In 1894, two miles of union supporters marched through Winnipeg streets celebrating the victories and future of the Canadian working class in the first-ever Canadian Labour Day.
On Sept. 4, 2000, millions of Canadians marched to the local Gap outlet to purchase stylish body coverings for the new school year. For post-modern Canadians, it seems Labour Day has no more to do with trade unionism or workers’ rights than Christmas has to do with Christ.
What happened to trade unionism in Canada? For most of the past century, Labour Day meant millions of working people and their families walking the streets in celebration of the union movement and in defiance of concentrated wealth. Today, wealth is less equally distributed than ever before, but for most young Canadians trade unions are as mysterious and distant–even bizarre–as the Knights of Columbus or the Shriners; Labour Day is simply a day to shop or earn time-and-a-half.

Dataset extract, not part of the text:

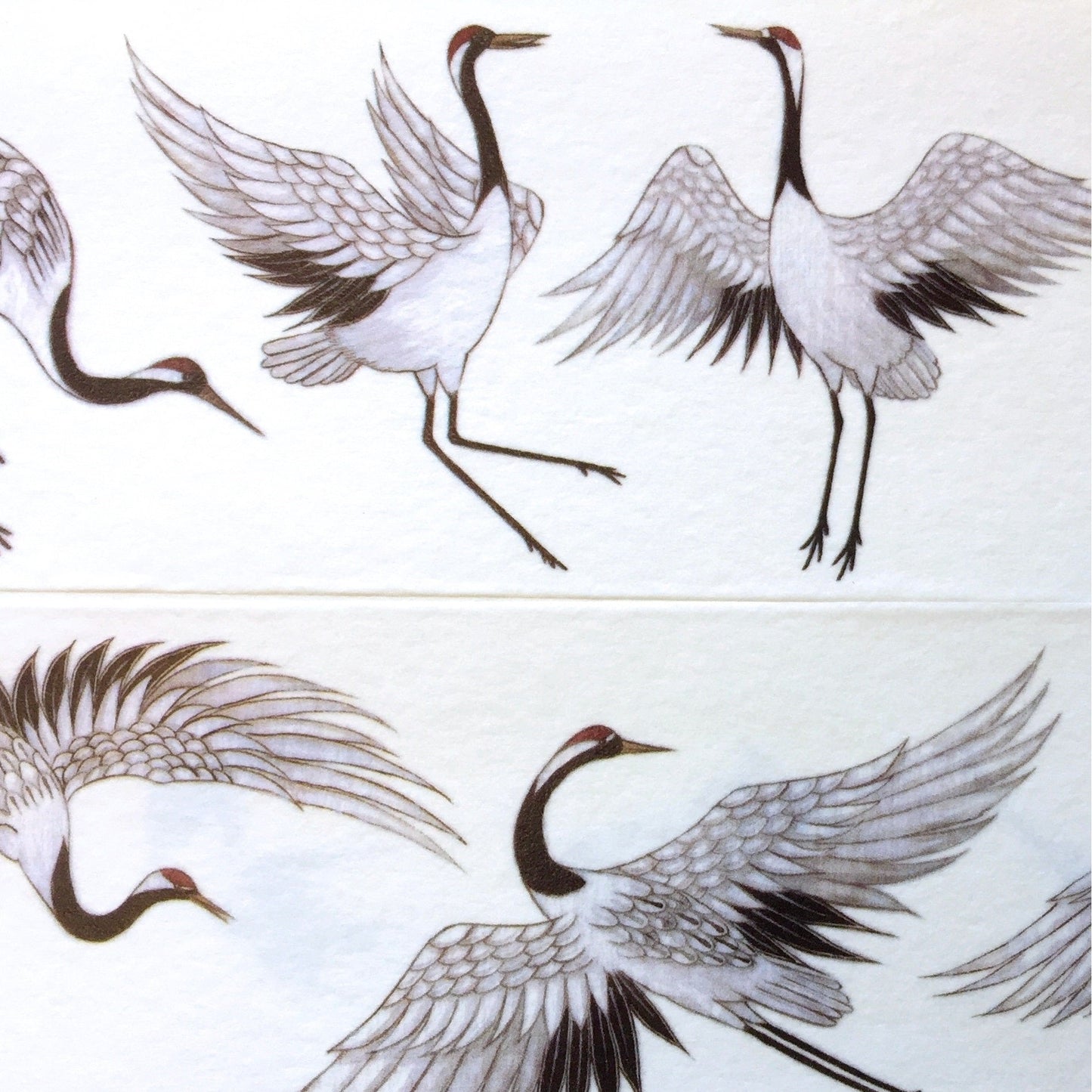 Crane washi tape (5 cm wide) SAMPLES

Truth be told, it’s not surprising that most Canadians, and particularly the younger members of the working class, attach no significance to Labour Day. Canada’s dominant union model and its labour codes were built for the old economy. The union movement represents (quite successfully to be sure) workers in the big three sectors of the past: industrial/manufacturing, resource extraction and public service.
However, in today’s economy manufacturing and resource industries have been displaced and dwarfed by the technology and service sectors. Moreover, public service jobs are quickly evaporating as social programs are reduced or privatized. All this means union jobs are quickly becoming a thing of the past.
Perhaps all this is nothing to be concerned about; perhaps the union movement has simply outlived its usefulness. But if the labour movement thinks otherwise–and Buzz Hargrove and Ken Georgetti insist it does–to remain an essential vehicle for protecting and enhancing the lives of working people and achieving a respectable level of economic equality it should know this: tomorrow’s workforce knows disgustingly little about its rights in the job place, nothing at all about how to start and operate a trade union, and has only a vague sense of Canada’s labour history. Add to this the fact that it is heading into an economy built on the contract, short-term and part-time job where unions are currently as nonexistent as Santa Claus.
Canada’s labour movement must reinvent itself to fit the new economy or it will become completely irrelevant–and Labour Day another gutted holiday.